- **TASK DIRECTIONS**
Below are the records; copy every line in them that holds the string "Boston".

- **THE RECORDS**
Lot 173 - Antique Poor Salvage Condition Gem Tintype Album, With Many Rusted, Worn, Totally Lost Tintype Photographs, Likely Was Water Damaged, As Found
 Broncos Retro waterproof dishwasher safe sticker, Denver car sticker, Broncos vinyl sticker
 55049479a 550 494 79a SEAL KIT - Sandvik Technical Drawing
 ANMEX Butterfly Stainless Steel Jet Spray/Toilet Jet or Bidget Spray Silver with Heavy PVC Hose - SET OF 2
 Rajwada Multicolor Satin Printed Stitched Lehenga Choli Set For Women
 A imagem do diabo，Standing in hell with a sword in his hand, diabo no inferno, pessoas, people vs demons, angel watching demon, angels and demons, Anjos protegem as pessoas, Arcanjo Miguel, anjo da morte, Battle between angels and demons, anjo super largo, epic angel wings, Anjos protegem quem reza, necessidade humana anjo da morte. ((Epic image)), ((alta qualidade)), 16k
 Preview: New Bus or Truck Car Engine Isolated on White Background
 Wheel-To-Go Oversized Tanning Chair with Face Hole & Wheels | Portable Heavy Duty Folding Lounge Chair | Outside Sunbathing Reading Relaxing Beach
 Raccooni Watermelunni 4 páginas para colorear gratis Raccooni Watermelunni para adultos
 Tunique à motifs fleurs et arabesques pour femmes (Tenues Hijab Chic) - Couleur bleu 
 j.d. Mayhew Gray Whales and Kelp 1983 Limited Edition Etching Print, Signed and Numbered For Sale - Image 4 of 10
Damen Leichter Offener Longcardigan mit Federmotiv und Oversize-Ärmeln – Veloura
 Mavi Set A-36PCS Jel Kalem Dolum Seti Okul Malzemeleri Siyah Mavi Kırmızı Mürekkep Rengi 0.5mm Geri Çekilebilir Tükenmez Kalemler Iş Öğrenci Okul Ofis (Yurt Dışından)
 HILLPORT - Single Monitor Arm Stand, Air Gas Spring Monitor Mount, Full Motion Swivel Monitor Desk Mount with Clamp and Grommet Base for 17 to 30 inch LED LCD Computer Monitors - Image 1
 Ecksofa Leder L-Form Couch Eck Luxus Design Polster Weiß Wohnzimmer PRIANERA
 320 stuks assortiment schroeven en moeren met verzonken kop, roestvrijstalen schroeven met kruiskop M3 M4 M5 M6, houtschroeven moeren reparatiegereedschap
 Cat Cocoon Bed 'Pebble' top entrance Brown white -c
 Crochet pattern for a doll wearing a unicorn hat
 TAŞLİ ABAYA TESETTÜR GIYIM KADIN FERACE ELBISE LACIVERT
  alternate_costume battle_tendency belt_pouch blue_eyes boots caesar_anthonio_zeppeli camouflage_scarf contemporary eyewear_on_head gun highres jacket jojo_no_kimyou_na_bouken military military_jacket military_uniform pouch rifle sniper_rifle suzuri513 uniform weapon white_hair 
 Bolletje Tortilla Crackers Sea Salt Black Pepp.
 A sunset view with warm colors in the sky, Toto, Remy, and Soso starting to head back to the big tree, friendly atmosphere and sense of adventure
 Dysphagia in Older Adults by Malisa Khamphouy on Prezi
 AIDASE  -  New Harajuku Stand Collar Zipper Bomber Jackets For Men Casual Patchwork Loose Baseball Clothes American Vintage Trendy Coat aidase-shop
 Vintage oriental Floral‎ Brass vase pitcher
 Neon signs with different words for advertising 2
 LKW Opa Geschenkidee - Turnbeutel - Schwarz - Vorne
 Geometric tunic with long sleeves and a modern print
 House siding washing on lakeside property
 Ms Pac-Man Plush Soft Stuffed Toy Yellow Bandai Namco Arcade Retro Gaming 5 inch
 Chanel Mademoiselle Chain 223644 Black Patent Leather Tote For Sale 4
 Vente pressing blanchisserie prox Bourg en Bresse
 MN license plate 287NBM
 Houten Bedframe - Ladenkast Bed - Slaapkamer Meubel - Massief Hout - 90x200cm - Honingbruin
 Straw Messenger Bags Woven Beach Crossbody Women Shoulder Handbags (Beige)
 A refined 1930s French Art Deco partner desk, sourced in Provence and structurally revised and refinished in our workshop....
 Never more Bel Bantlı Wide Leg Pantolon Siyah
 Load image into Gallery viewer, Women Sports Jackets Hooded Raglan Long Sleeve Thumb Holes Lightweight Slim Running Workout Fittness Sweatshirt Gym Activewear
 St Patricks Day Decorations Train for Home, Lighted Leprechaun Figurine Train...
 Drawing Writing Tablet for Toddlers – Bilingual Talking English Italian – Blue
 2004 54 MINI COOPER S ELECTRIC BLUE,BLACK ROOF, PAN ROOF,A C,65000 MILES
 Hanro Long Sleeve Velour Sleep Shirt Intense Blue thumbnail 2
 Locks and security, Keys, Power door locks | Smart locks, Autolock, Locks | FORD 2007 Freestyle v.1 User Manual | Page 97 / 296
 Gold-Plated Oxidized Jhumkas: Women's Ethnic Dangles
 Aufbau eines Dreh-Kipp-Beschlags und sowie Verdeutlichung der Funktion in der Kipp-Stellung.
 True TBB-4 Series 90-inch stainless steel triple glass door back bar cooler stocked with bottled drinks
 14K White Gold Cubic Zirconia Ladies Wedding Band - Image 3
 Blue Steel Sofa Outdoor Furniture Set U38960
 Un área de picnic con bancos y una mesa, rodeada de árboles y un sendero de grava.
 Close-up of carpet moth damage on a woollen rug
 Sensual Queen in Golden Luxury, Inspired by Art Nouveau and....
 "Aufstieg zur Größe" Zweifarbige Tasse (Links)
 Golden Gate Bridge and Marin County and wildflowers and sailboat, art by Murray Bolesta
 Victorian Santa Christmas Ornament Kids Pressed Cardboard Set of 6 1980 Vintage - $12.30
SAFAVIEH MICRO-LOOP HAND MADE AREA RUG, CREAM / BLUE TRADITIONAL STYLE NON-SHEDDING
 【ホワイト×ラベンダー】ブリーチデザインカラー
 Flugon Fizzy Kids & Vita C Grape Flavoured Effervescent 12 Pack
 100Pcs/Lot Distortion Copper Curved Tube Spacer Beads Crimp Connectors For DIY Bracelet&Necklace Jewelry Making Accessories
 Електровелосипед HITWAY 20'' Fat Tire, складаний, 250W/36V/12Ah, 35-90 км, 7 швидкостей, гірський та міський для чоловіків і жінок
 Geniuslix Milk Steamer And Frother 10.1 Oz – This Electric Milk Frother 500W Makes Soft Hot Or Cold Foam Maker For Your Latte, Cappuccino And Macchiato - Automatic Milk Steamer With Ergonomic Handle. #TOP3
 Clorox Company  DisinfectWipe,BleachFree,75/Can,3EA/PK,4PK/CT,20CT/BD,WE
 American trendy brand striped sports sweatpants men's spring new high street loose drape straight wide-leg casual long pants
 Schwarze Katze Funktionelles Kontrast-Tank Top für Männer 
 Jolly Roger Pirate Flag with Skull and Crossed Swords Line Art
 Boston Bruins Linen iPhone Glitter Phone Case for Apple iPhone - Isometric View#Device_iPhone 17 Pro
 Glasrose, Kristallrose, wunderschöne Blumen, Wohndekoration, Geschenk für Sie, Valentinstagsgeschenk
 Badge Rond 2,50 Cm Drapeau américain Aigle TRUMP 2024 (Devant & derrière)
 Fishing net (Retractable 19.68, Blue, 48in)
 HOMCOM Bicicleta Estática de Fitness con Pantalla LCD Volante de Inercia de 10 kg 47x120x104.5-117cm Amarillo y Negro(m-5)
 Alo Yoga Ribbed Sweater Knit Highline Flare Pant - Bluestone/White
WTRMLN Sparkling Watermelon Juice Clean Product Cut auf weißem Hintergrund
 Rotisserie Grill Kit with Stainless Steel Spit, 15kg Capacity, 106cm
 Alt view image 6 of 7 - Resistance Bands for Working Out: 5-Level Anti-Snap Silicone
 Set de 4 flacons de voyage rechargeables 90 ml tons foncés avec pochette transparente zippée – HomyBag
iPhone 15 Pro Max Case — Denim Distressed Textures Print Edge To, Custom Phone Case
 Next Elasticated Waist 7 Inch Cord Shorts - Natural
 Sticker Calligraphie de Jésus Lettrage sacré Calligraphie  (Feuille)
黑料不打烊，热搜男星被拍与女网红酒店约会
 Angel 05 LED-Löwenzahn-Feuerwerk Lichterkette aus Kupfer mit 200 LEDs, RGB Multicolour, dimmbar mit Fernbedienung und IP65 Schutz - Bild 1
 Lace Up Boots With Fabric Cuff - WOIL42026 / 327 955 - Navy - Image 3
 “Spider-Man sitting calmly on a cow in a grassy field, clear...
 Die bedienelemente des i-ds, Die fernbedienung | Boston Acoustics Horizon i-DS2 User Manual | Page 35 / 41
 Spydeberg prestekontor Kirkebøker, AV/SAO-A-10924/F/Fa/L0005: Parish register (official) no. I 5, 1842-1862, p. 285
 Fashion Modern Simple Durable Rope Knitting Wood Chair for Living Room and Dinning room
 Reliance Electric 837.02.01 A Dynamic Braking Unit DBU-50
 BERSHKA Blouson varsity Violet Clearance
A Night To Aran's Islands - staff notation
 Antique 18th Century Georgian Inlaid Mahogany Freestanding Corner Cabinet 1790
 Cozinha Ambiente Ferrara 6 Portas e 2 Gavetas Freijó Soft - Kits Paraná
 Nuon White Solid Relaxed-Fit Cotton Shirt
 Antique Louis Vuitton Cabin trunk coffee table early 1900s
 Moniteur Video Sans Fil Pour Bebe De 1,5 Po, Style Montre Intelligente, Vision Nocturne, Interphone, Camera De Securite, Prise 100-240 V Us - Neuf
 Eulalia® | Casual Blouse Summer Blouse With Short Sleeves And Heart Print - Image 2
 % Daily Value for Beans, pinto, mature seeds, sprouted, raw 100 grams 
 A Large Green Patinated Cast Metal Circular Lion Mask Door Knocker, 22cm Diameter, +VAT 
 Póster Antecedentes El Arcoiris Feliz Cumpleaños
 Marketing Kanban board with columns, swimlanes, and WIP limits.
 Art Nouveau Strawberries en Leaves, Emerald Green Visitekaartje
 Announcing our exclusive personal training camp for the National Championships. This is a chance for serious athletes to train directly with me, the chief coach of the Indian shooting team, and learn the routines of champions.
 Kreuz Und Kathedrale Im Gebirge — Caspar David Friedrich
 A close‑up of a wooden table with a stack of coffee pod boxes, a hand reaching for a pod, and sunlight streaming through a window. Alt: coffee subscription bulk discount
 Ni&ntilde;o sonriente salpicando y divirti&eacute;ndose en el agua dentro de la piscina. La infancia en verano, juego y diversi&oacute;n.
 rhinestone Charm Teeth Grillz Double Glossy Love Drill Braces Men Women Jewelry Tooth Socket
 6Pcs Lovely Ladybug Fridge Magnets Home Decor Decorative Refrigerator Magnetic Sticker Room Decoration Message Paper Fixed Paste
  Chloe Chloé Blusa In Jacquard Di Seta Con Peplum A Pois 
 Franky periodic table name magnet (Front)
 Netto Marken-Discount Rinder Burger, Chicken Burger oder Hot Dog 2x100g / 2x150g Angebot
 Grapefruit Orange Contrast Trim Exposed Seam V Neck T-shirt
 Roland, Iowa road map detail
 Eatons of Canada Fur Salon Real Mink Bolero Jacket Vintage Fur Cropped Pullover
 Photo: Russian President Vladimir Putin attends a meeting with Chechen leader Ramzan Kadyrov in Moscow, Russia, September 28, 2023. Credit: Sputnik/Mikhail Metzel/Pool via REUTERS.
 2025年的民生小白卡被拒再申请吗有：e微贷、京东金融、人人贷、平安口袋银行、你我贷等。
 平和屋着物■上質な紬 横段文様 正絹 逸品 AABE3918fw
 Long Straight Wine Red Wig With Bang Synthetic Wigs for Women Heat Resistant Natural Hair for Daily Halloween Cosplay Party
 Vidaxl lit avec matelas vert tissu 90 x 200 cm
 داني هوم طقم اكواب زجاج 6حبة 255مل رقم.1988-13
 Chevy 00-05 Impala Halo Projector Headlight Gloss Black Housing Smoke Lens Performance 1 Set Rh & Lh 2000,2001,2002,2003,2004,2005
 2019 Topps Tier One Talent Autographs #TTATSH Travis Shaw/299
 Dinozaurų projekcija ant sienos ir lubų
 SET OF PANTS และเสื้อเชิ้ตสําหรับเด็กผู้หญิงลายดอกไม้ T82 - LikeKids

- **SOLUTION TO THE EXERCISE**
 Boston Bruins Linen iPhone Glitter Phone Case for Apple iPhone - Isometric View#Device_iPhone 17 Pro
 Die bedienelemente des i-ds, Die fernbedienung | Boston Acoustics Horizon i-DS2 User Manual | Page 35 / 41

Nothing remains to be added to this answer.